Exposing the Lies and Crimes of Bird Advocates, Wildlife Biologists, the United States Fish and Wildlife Service, PETA, the Humane Society of the United States, Exterminators, Vivisectors, the Scientific Community, Fur Traffickers, Cloners, Breeders, Designer Pet Purveyors, Hoarders, Motorists, the United States Military, and Other Ailurophobes

Saturday, February 09, 2013

New Start Cat Rescue Center Abruptly Kills Off Victoria after the Cancer Returns to Her Already Ravaged Ears

The Ill-Fated Victoria Following Emergency Surgery

"She was so brave. But the vet confirmed my worst fears that the cancer had returned. There were no options left for her."
-- Wendy Hyde of New Start Cat Rescue Center

Victoria, a long-suffering victim of skin cancer, has been killed off by her foster mother, Wendy Hyde of the New Start Cat Rescue Center (NSCRC) in Newent, eight miles northeast of Gloucester. Although no specific date has been given for her execution, it is believed that the foul deed was committed just after Christmas.

Victoria made headlines around the world after she was found wandering the streets of Newent on October 14th. By that time her cancer-ravaged ears had become such an unremitting source of torment that she was left with no alternative other than to attempt to remove them with her claws. In fact, by the time that she was found her left ear had been left uselessly dangling at the side of her face.

Because of her obvious ease around people it is suspected that she at one time had a permanent home and later was abandoned. It is unclear, however, if she was deserted before or after she contracted cancer.

Nevertheless, since she was a white-haired cat she should not have been left out in the sun for any prolonged period of time without being equipped with either sunscreen or some sort of protective headgear. Adding to her miseries, she was forced to procure shelter, food, and water as well as to elude both human and animal predators during that horrible time. Considering all of that, it is amazing that she was able to hold on for as long as she did.

Upon arrival at NSCRC Victoria underwent emergency surgery and was released into the care of the charity's Wendy Hyde. She later was forced to make a return trip to the veterinarian in order to have an infection treated but otherwise things were looking up for her.

"She's not out of the woods yet but she's certainly on the mend," Hyde reported in late October. "...she is a lot more perky now and she's taken over my living room." (See Cat Defender post of November 14, 2012 entitled "In Utter Desperation, Victoria Claws Off Her Rotting Ears after She Is Stricken with Cancer and Abandoned to Aimlessly Wander the Forbidding Streets of Newent.")

Individuals in both London and on the Isle of Jersey generously had offered to provide her with a permanent home and donations in the excess of £500 poured in from as far afield as Canada, New Zealand, and China. All of that coupled with Hyde's earlier statements served only to make the unexpected announcement of her death all the more shocking and heartbreaking.

"She was so brave.

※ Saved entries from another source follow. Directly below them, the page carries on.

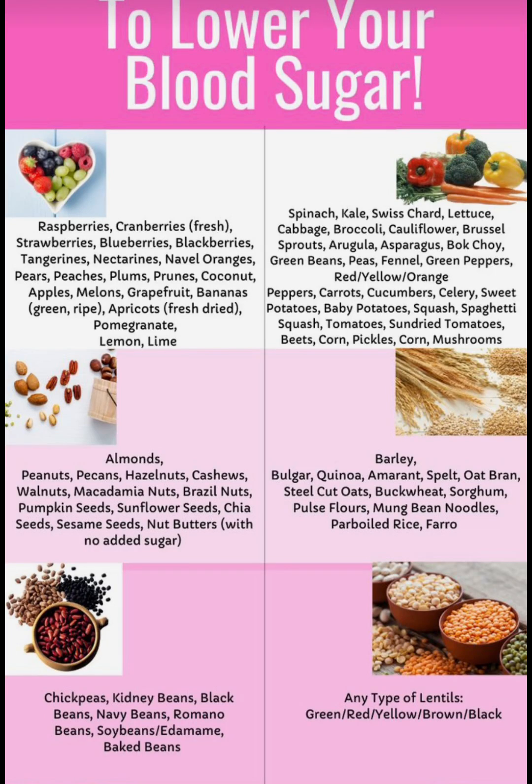As-salamu alaykum wa rahmatullahi wa barakatuhu. Welcome back to Fatima's Journey. Today we'll be talking about foods that lower your blood sugar.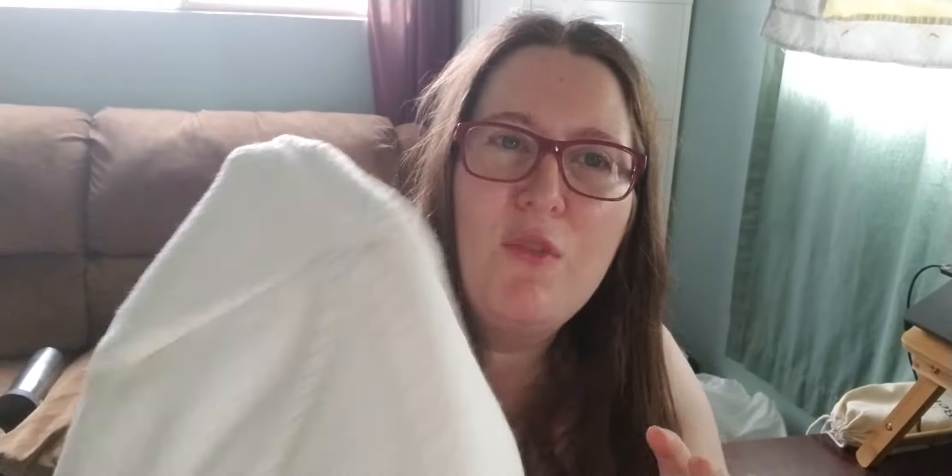It's very soft with a nice soft, fleecy inside. I think it's cotton-wool — it's wool and acrylic — machine washable but not supposed to go in the dryer. It's kind of a creamy off-white color. I do like it; it's very soft and nice.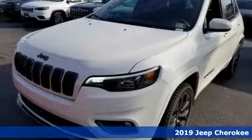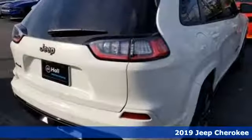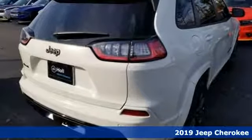It's a 2019 Jeep Cherokee. Your restless nature means you're always on the move. For this Cherokee, it means always moving forward.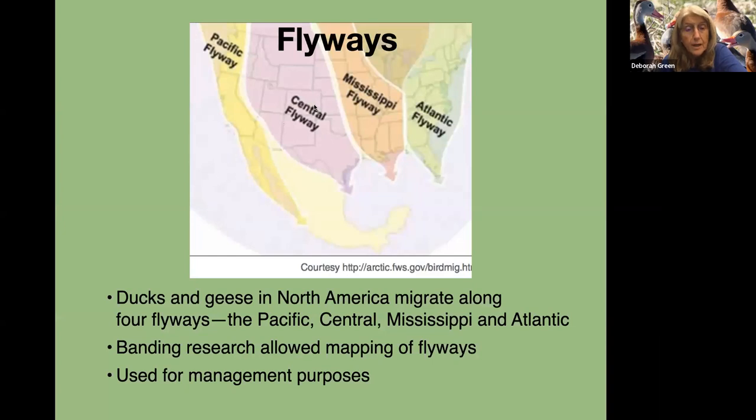Ducks and geese in North America migrate along four flyways: the Pacific, the Central, the Mississippi, and the Atlantic. It was banding research that allowed this mapping of flyways, and working with flyways has been useful for management purposes.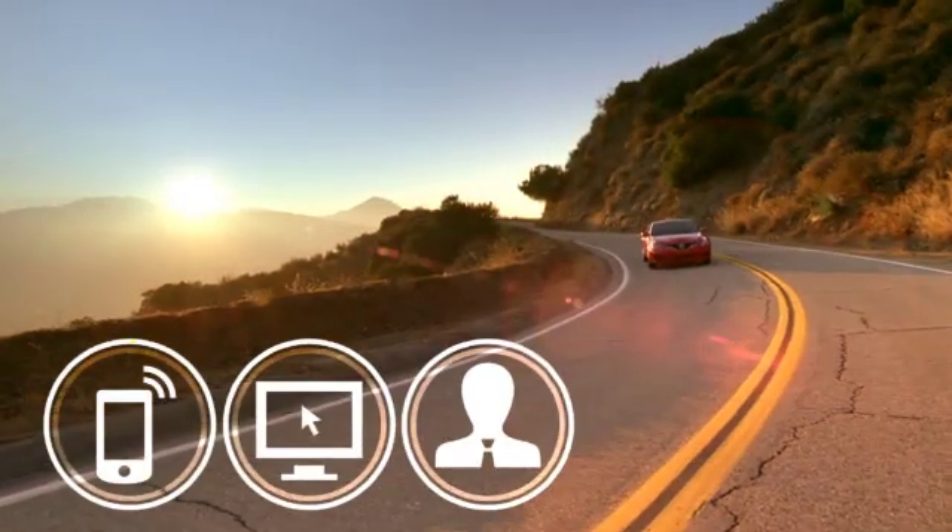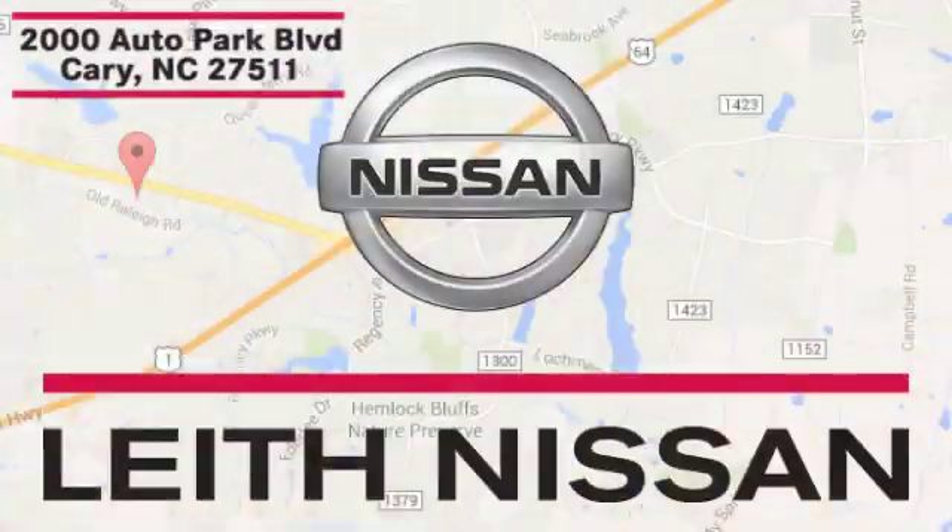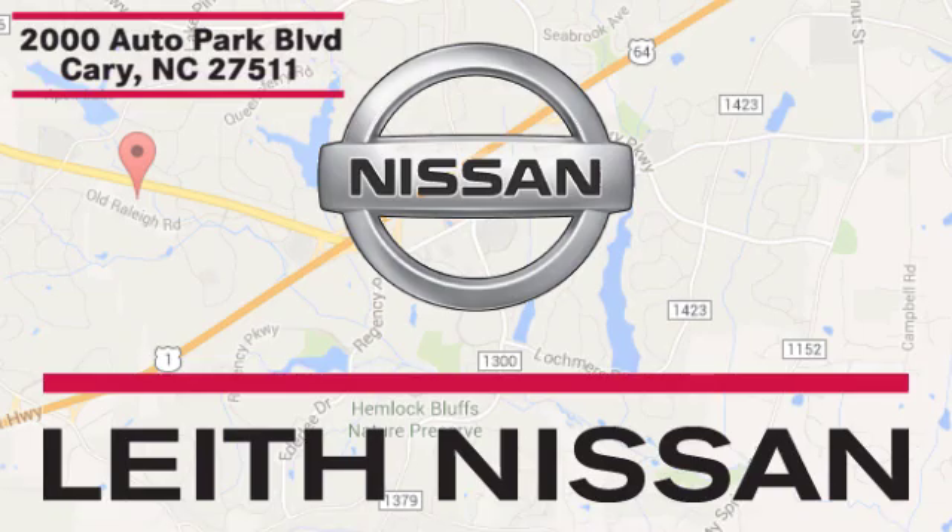Take it for a test drive today. Call, click, or stop in today. We're conveniently located at 2000 Auto Park Boulevard in Cary, North Carolina.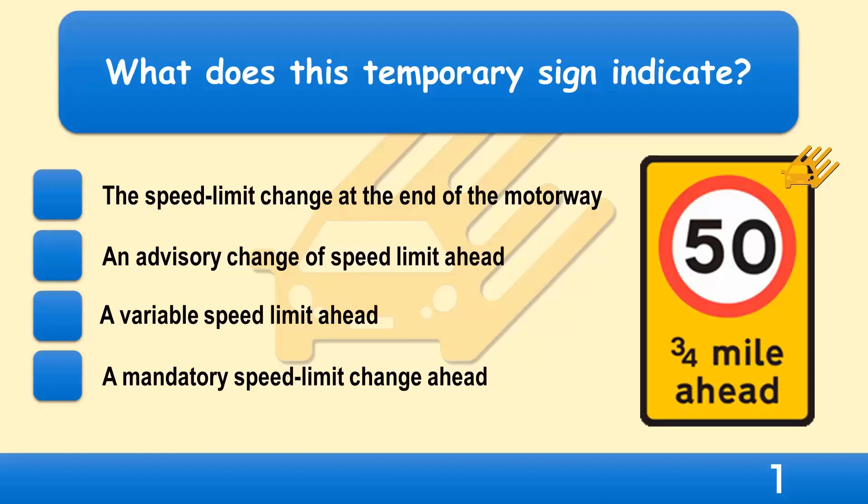What does this temporary sign indicate? The speed limit change at the end of the motorway, an advisory change of speed limit ahead, a variable speed limit ahead, or a mandatory speed limit change ahead?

But the vet confirmed my worst fears that the cancer had returned," Hyde informed The Citizen of Gloucester on January 5th. (See "Cat with No Ears Which Captured Readers' Hearts Dies.") "There were no options left for her."

Although words fail to do justice to what Victoria was forced to endure, NSCRC's elliptical account of events is sorely lacking in both specifics and candor. Most glaringly, it has not revealed any details of either the cancer or what measures were taken in order to treat it.

This is mere supposition but more than likely Victoria was suffering from cutaneous squamous cell carcinoma which is an especially aggressive cancer that it difficult to treat. Not withstanding that, surgery is not the only means of combating that deadly disease. For instance, radiation and photodynamic therapy, the latter of which improvises a combination of dyes and lasers, could have been tried.

Chemotherapy was another option especially if the disease had spread beyond her ears. Also, cyrosurgery possibly could have been tried on small tumors.

Even if none of those procedures had proven effective, her life likely could have been extended indefinitely through the application of painkillers, antibiotics, and topical analgesics. It thus appears that Hyde was being considerably less than truthful when she categorically stated that she was left with no alternative other than to kill Victoria.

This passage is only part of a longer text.